- Exercise
Copy out the lines beginning at the one with "Abstract digital data" and ending at the last line of the data, both included; pictures stay out.

(Image-text web data)

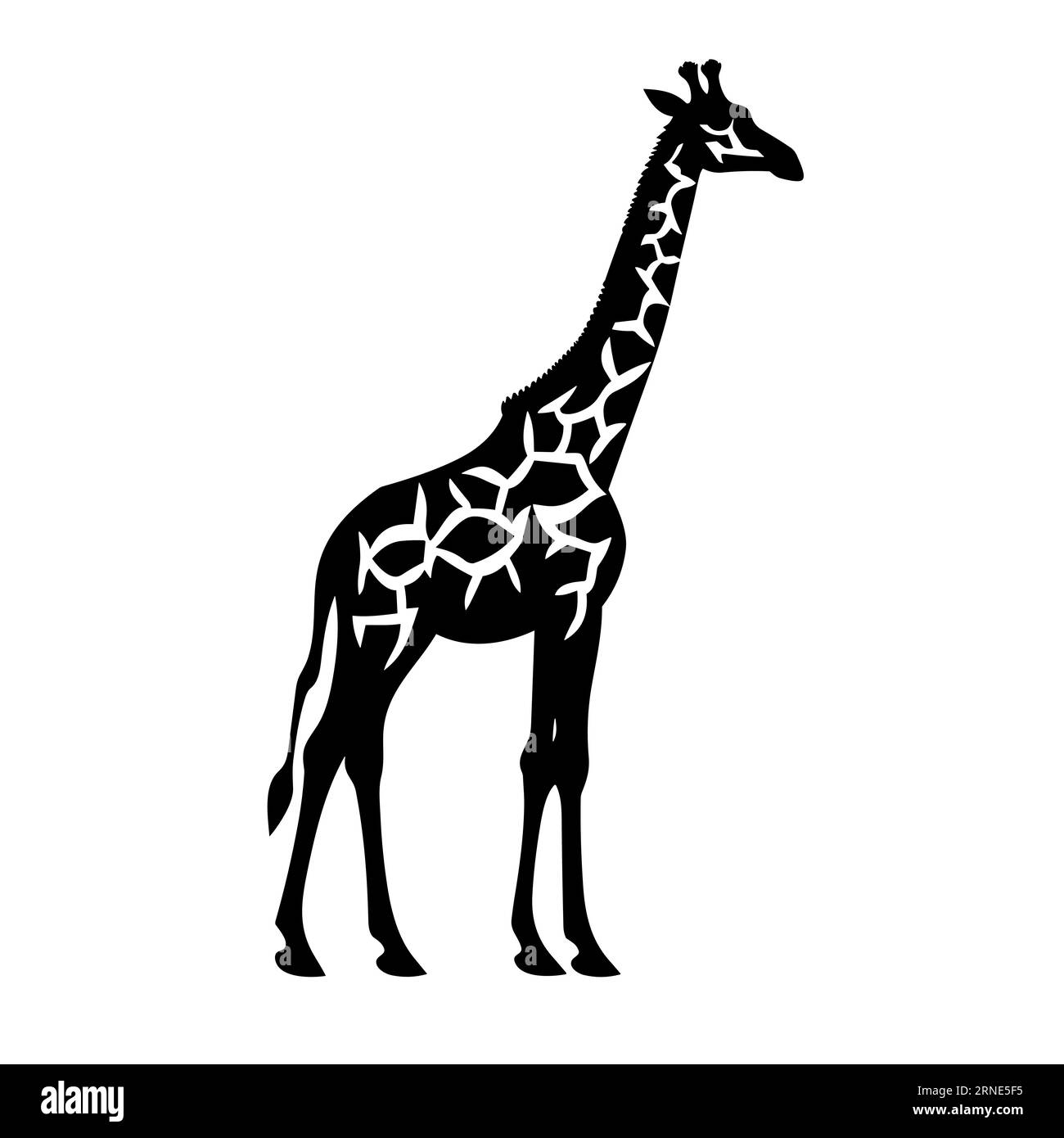 Giraffe silhouette. Giraffe black icon on white background Stock Vector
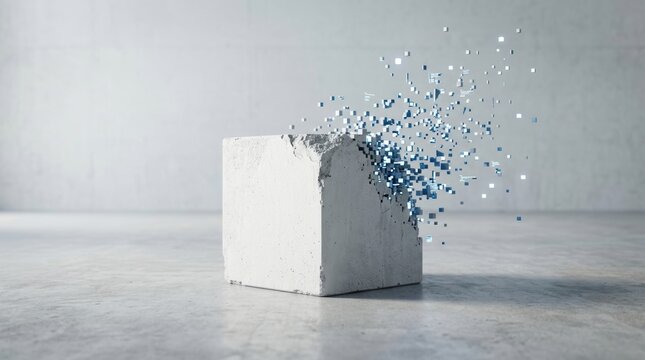 Abstract digital data explosion from white concrete block 3D render on gray floor background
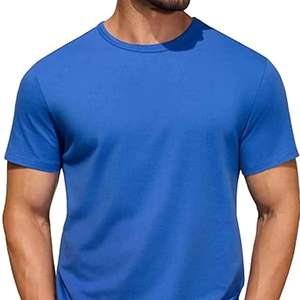 T-shirt en tricot à manches courtes pour homme, col rond, bleu, coupe classique, couleur unie, vêtement décontracté - Product Image 2
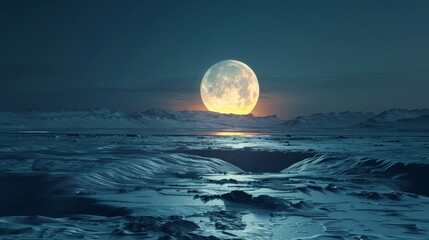 Naklejka na ściany i meble Detailed surreal moonrise over icy landscape, snowy tundra under full moon on winter night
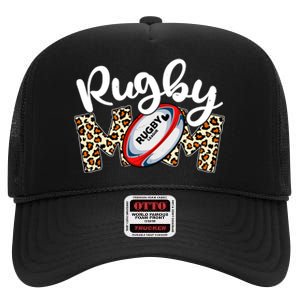 Rugby Mom Leopard Funny Wo Mommy Mother's Day High Crown Mesh Back Trucker Hat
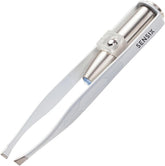 Sensica slant-tip lighted tweezers for eyebrow shaping with LED illumination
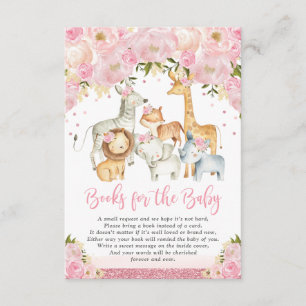 Blush Pink Floral Safari Animals Books for Baby Informatiekaartje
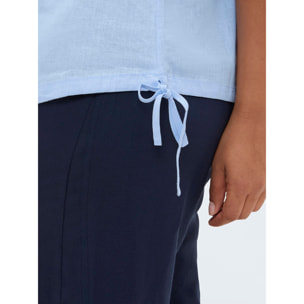 Fiorella Rubino - Camiseta de mezcla de lino - Light - blue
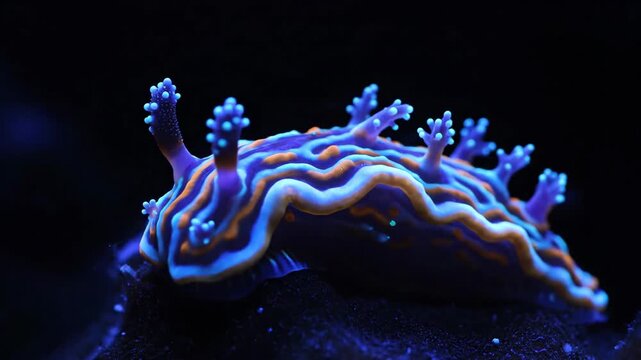 A vibrant nudibranch sea slug with blue and orange patterns moves slowly underwater in the deep ocean abyss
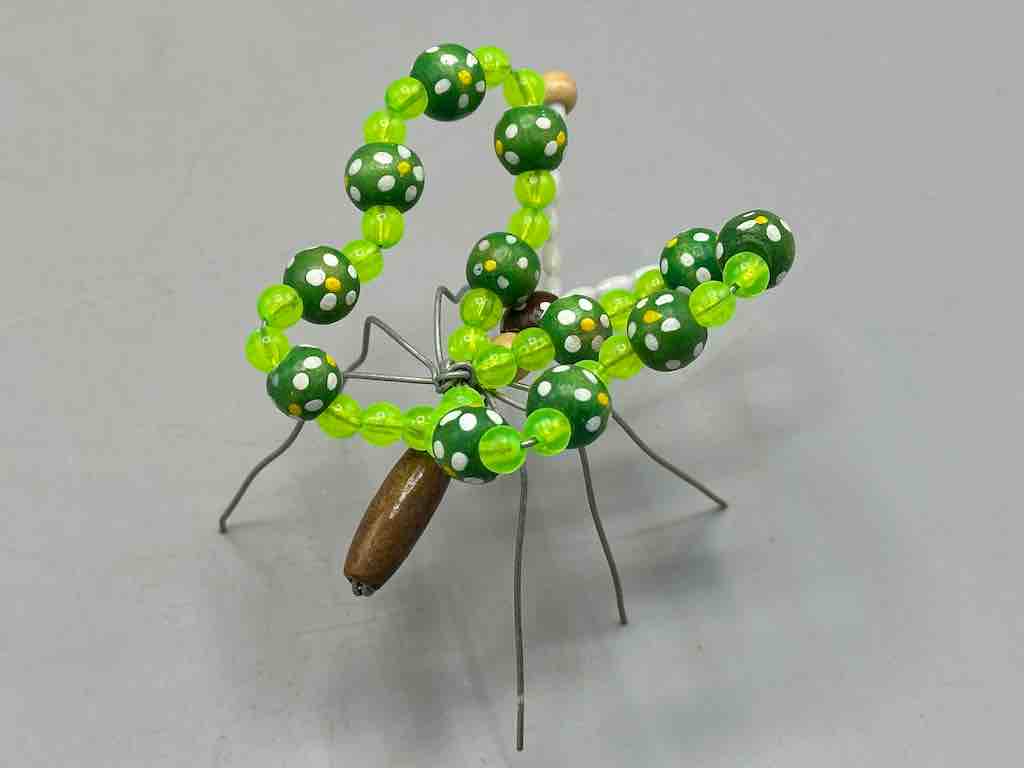 Beaded Wire Decor African Small Green Butterfly Insect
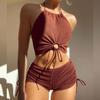 New high-waisted suspender straps split swimsuit women's summer flat angle sports beach bikini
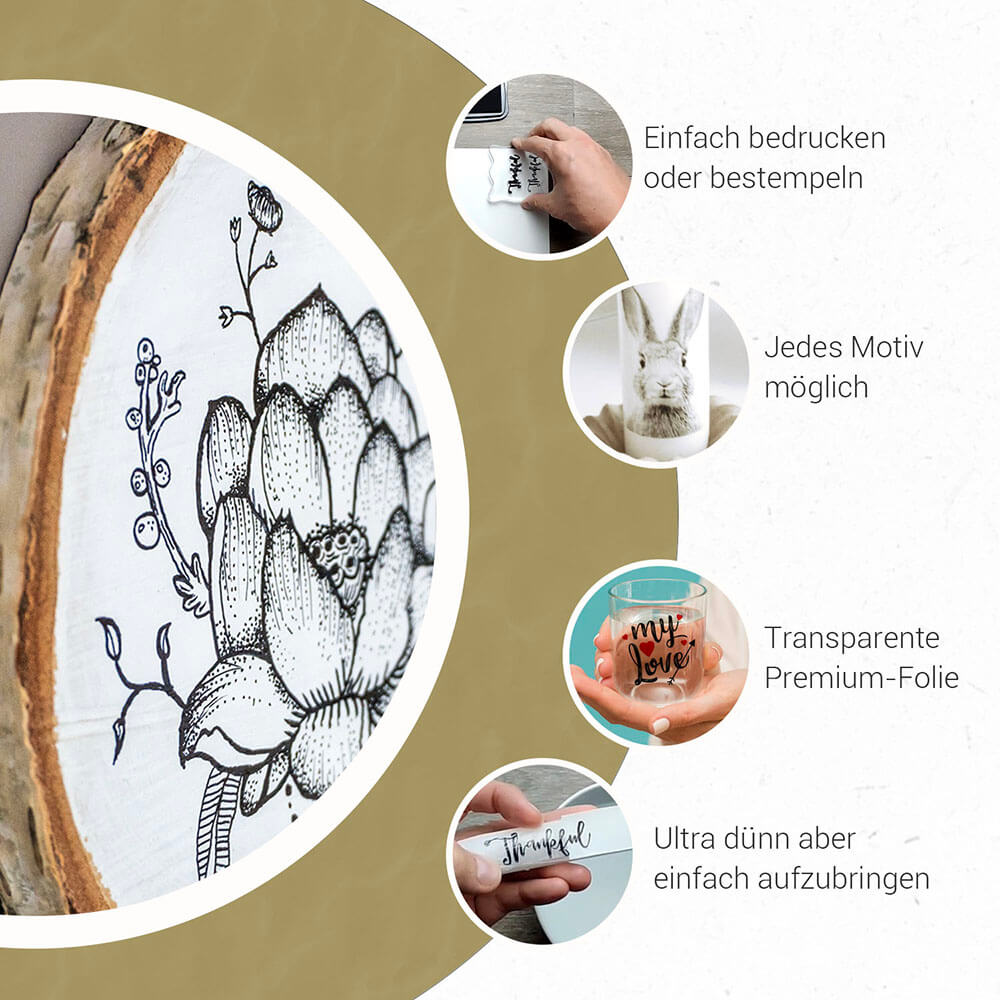 Wasserschiebefolie transparent Laser (auch Bestempelbar)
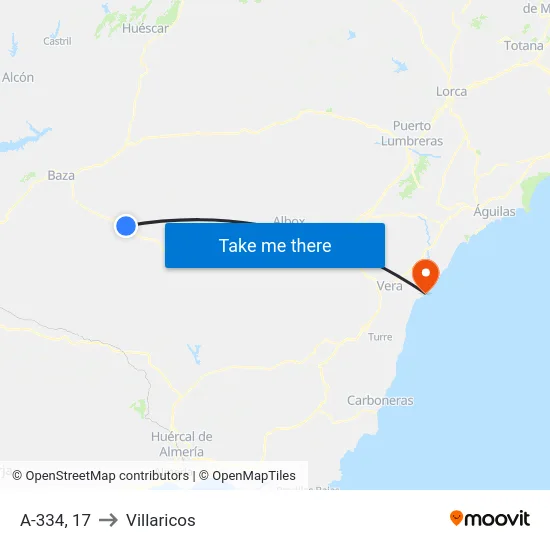 A-334, 17 to Villaricos map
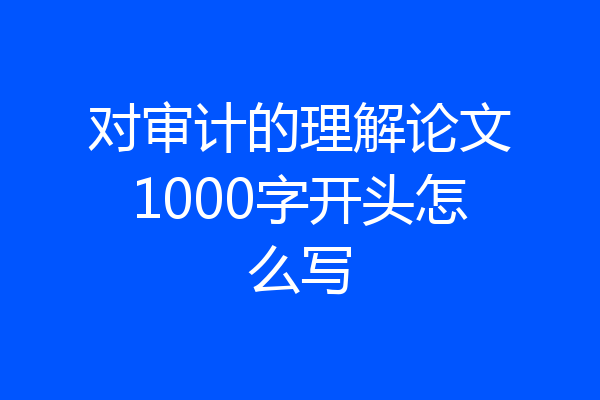 对审计的理解论文1000字开头怎么写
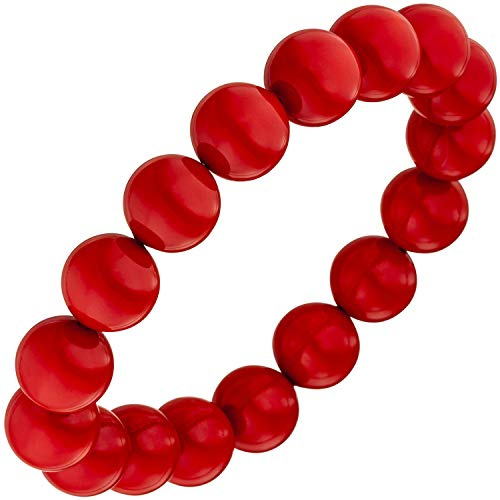 Jobo Damen-Armband mit Muschelkern-Perlen rot 19 cm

- Exercise result
 Abstract digital data explosion from white concrete block 3D render on gray floor background
 T-shirt en tricot à manches courtes pour homme, col rond, bleu, coupe classique, couleur unie, vêtement décontracté - Product Image 2
 Naklejka na ściany i meble Detailed surreal moonrise over icy landscape, snowy tundra under full moon on winter night
 Rugby Mom Leopard Funny Wo Mommy Mother's Day High Crown Mesh Back Trucker Hat
 Sensica slant-tip lighted tweezers for eyebrow shaping with LED illumination
 Blush Pink Floral Safari Animals Books for Baby Informatiekaartje
 Fiorella Rubino - Camiseta de mezcla de lino - Light - blue
 A vibrant nudibranch sea slug with blue and orange patterns moves slowly underwater in the deep ocean abyss
 Beaded Wire Decor African Small Green Butterfly Insect
 New high-waisted suspender straps split swimsuit women's summer flat angle sports beach bikini
 Wasserschiebefolie transparent Laser (auch Bestempelbar)
 A-334, 17 to Villaricos map
 对审计的理解论文1000字开头怎么写
 Jobo Damen-Armband mit Muschelkern-Perlen rot 19 cm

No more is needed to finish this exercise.